# Bluestone Melbourne Liquid Yeast



## chesl73 (14/2/19)

Hey guys

I recently heard about this: https://bluestoneyeast.com.au/

Appears to be Melbourne grown liquid yeast. Never heard of it before. Anyone got any insights?
You can't buy them off the website and a quick search doesn't return much of anything.
Seems interesting.


----------



## tanked84 (14/2/19)

Looks alright, when they selling to home Brewers?


----------



## pnorkle (14/2/19)

There's contact info on their web page - probably worth dropping them a line & asking how to purchase.


----------



## PaleRider (15/2/19)

They're not selling yet.
Doing production testing at the moment & all the QC that goes along with that.
Hopefully in a few months we'll have more options for fresh yeast.


----------



## Nullnvoid (15/2/19)

Awesome....just around the corner from work!


----------



## PaleRider (15/2/19)

Nullnvoid said:


> Awesome....just around the corner from work!



Same.


----------



## Nullnvoid (15/2/19)

PaleRider said:


> Same.



It's a good area to work.....At least 3 homebrew shops and now a yeast place all within 5 minutes of my workplace!


----------



## chesl73 (15/2/19)

I've emailed them. I'll let you know the response.


----------



## chesl73 (15/2/19)

They responded very quickly with:
"Thanks for reaching out to us. We are currently concentrating on pro brewers, but we are ramping up production so we can supply the home brew market also. Will keep you updated."


----------



## Bluestone Yeast (9/8/19)

chesl73 said:


> Hey guys
> 
> I recently heard about this: https://bluestoneyeast.com.au/
> 
> ...



Hey Guys, 
We're the first 100% Australian Liquid Yeast Manufacturer from Mulgrave, Melbourne. Currently, all our strains are available for sale but only for commercial orders, We're planning to enter into the Homebrew market by next year !! Till then stay updated by Liking our Facebook page and sign up to become a bedrock brewer. Always a chance to win some exciting samples to pitch directly into creating some amazing beers. 
We love the support from our local brewers, Please connect us via messenger or email us at [email protected]. 
Cheers 
Bluestoneyeast Team


----------



## mongey (14/8/19)

I like the range. I’d support it for sure once your selling


----------



## soreba (15/8/19)

Ill be following this.. Im keen on not having to rely on the Americans as much for yeast.
Will soon be able to do full local support beer - Voyager Malt (NSW), Hops (TAS), Yeast (VIC)


----------



## Roosterboy (15/8/19)

Bluestone Yeast said:


> Hey Guys,
> We're the first 100% Australian Liquid Yeast Manufacturer from Mulgrave, Melbourne. Currently, all our strains are available for sale but only for commercial orders, We're planning to enter into the Homebrew market by next year !! Till then stay updated by Liking our Facebook page and sign up to become a bedrock brewer. Always a chance to win some exciting samples to pitch directly into creating some amazing beers.
> We love the support from our local brewers, Please connect us via messenger or email us at [email protected].
> Cheers
> Bluestoneyeast Team


So just to be clear because alot of people like to know who owns what , your totally independent from the big overseas yeast suppliers ?


----------



## goatchop41 (15/8/19)

Roosterboy said:


> So just to be clear because alot of people like to know who owns what , your totally independent from the big overseas yeast suppliers ?

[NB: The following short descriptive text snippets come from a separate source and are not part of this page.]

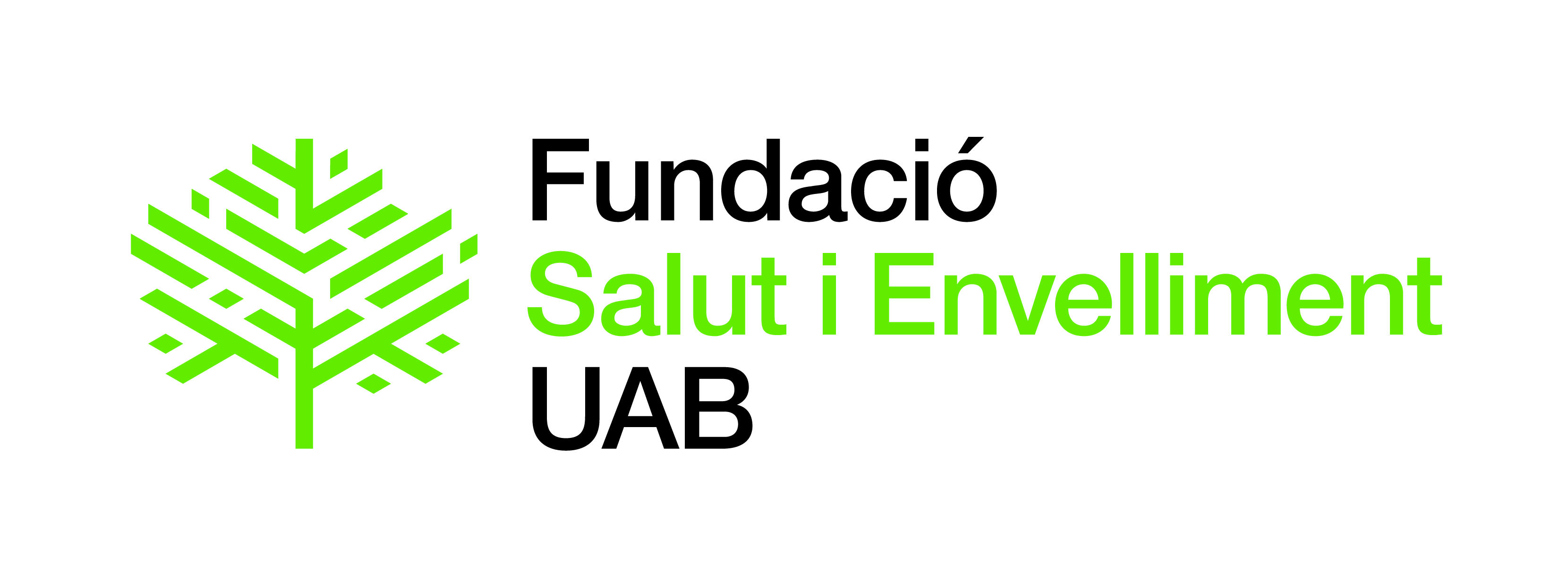 Logotip Fundació Salut i Envelliment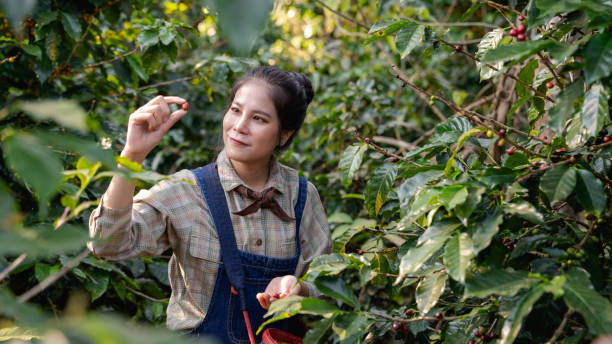 istock Farmer harvesting cherry coffee beans from coffee trees and placing them in baskets for processing. 2182699410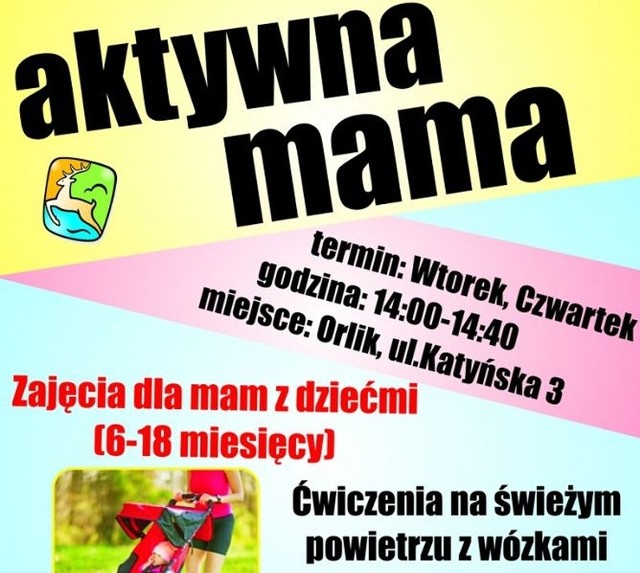 Głównym celem przedsięwzięcia jest umożliwienie kobietom powrotu do formy sprzed ciąży poprzez aktywne spędzanie czasu ze swoimi dziećmi.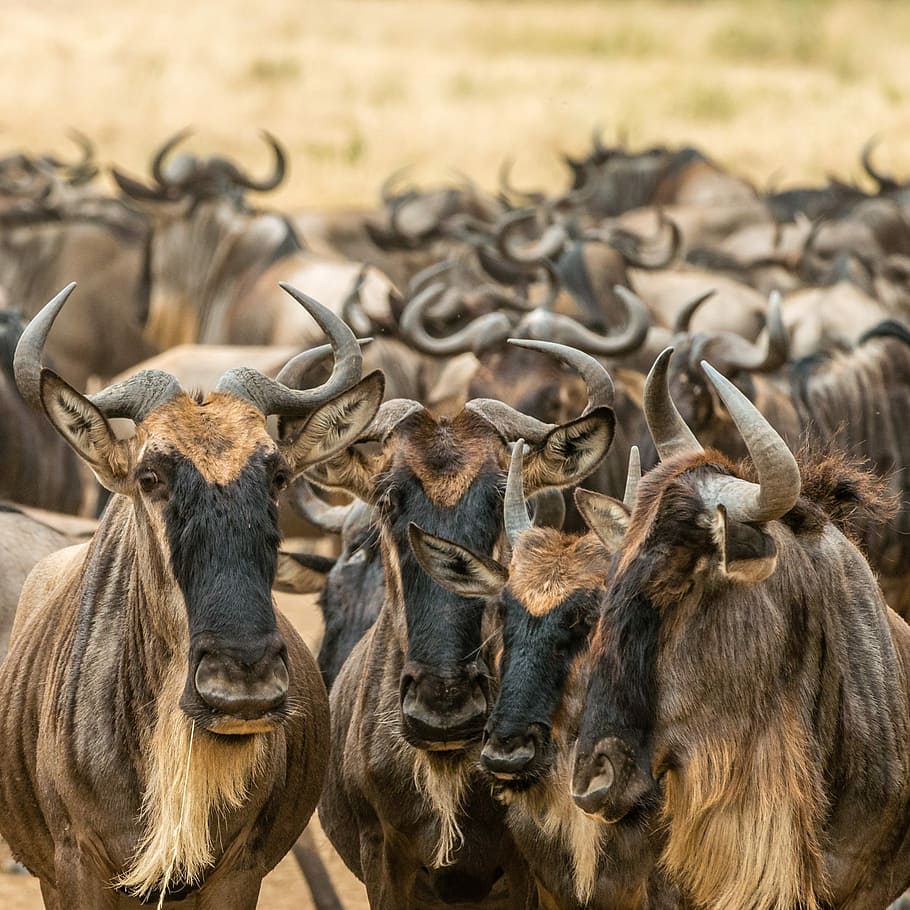 shallow focus photography of brown animals during daytime, selective focus photography of four horned animals HD wallpaper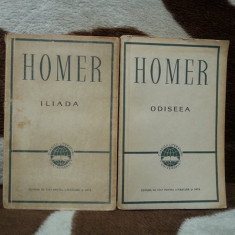 ILIADA/ODISEEA-HOMER (2 VOL)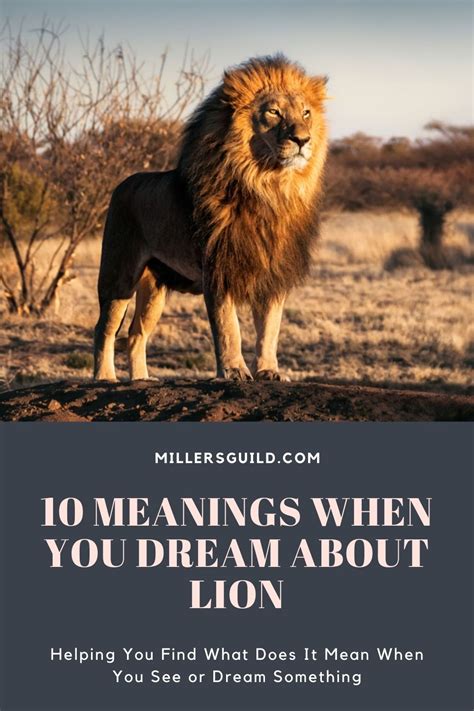 Dreams Involving Ill Lions: What Do They Signify?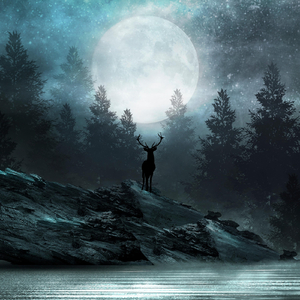 Day 200: True and False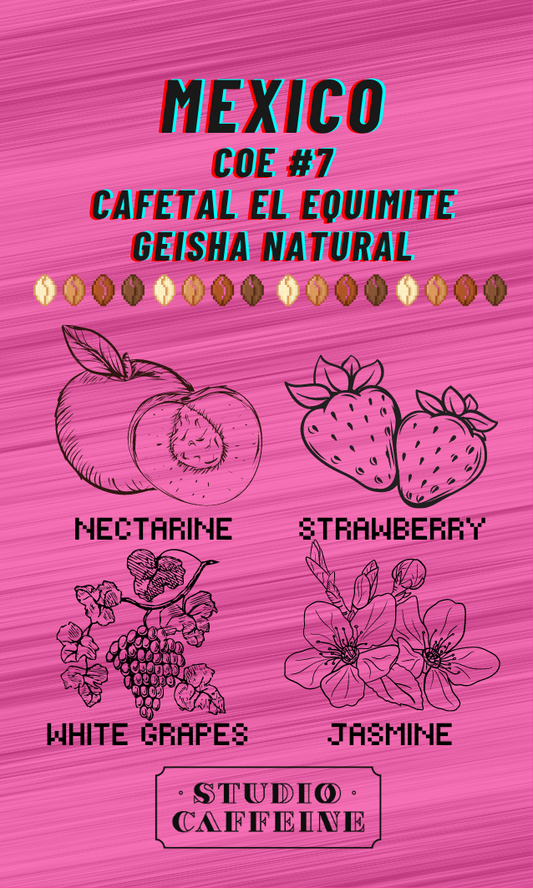 เม็กซิโก COE #7 Cafetal el Equimite Geisha Natural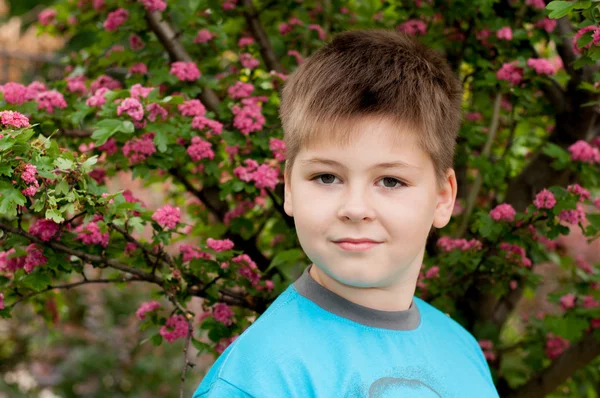 Мальчик возле цветущего дерева — стоковое фото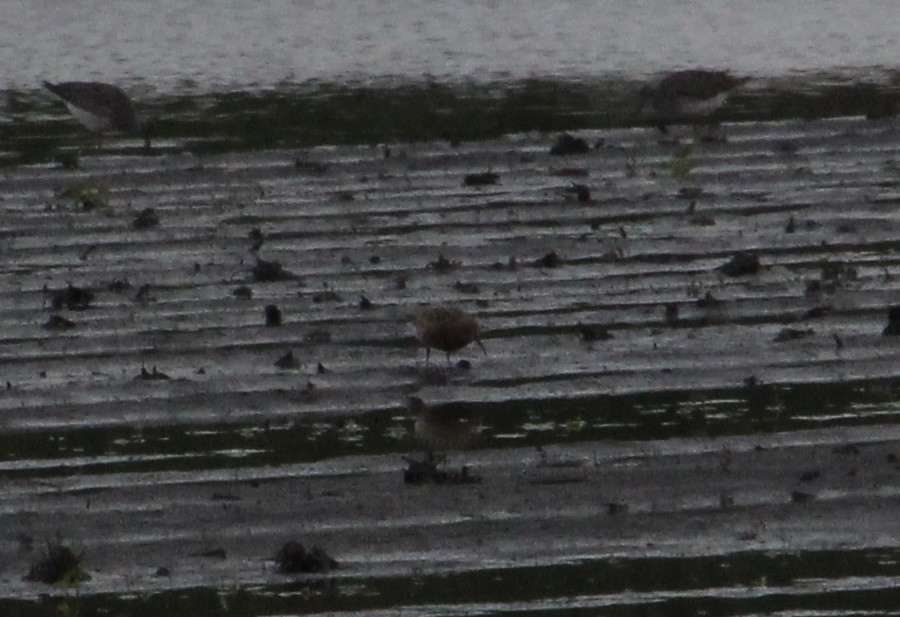 Curlew Sandpiper - ML614508091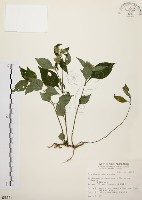 藏品(臺灣鱗球花)的圖片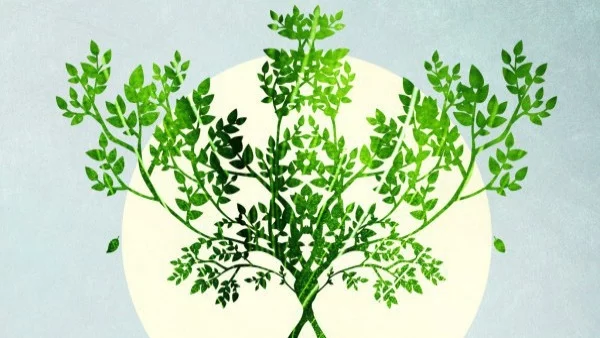 Как природата лекува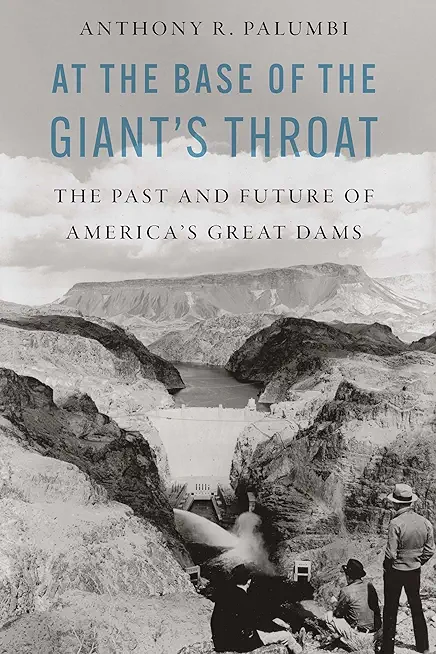 At the Base of the Giant's Throat: The Past and Future of America's Great Dams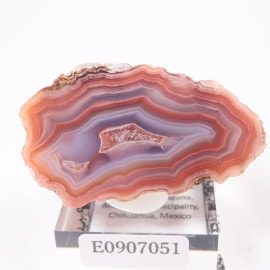 �ᥭ������ �饰�ʥ�������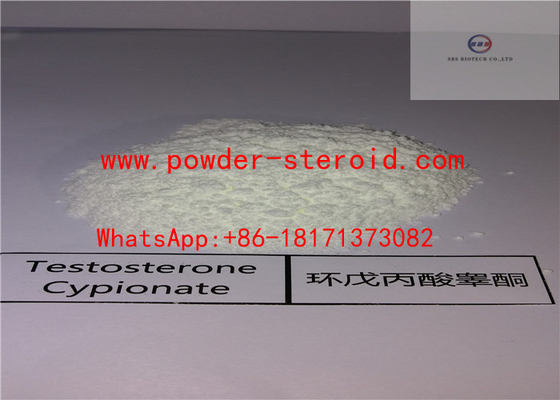 White Powder Androgenic Steroids Testosterone Cypionate In Cutting Cycle,58-20-8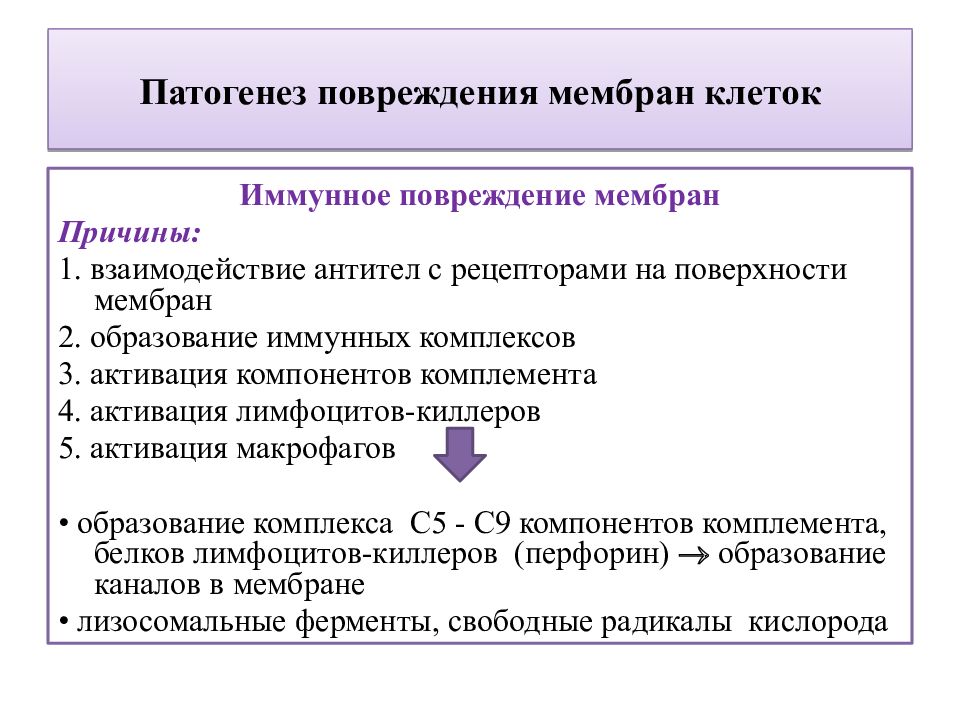 Нарушения клеток. Патогенез повреждения мембран клеток. Патогенез повреждения клетки. Этиология повреждения клетки. Основные патологические механизмы повреждения клетки.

Nothing on their website, nor anything in any of the available articles about them online state that they have any ties to overseas yeast manufacturers


----------



## The hop cartel (15/8/19)

Hopefully this answers some questions...

https://podtail.com/fi/podcast/the-beer-healer-interviews/ep-37-let-s-talk-about-yeast-baby/


----------



## Nullnvoid (16/8/19)

The hop cartel said:


> Hopefully this answers some questions...
> 
> https://podtail.com/fi/podcast/the-beer-healer-interviews/ep-37-let-s-talk-about-yeast-baby/



Was trying to remember what podcast I heard them on to link it. 

From what I understand from the podcast, they buy the yeast from a biobank (like everyone) and then they grow it up themselves. 

All yeast comes from the same place it's just called different names.


----------



## DJR (16/8/19)

have had a quick chat to the guys and seems interesting for sure. Commercial only but they are in operation, can't wait to see what they can do at the homebrew scale. On a commercial level the only option so far has been to order pitchable quantities from the USA and pay huge shipping charges to get it over quickly enough, from melbourne the shipping becomes a lot less.
Hopefully enough strains to keep people happy, and keen to see if they get some unique or rare stuff.


----------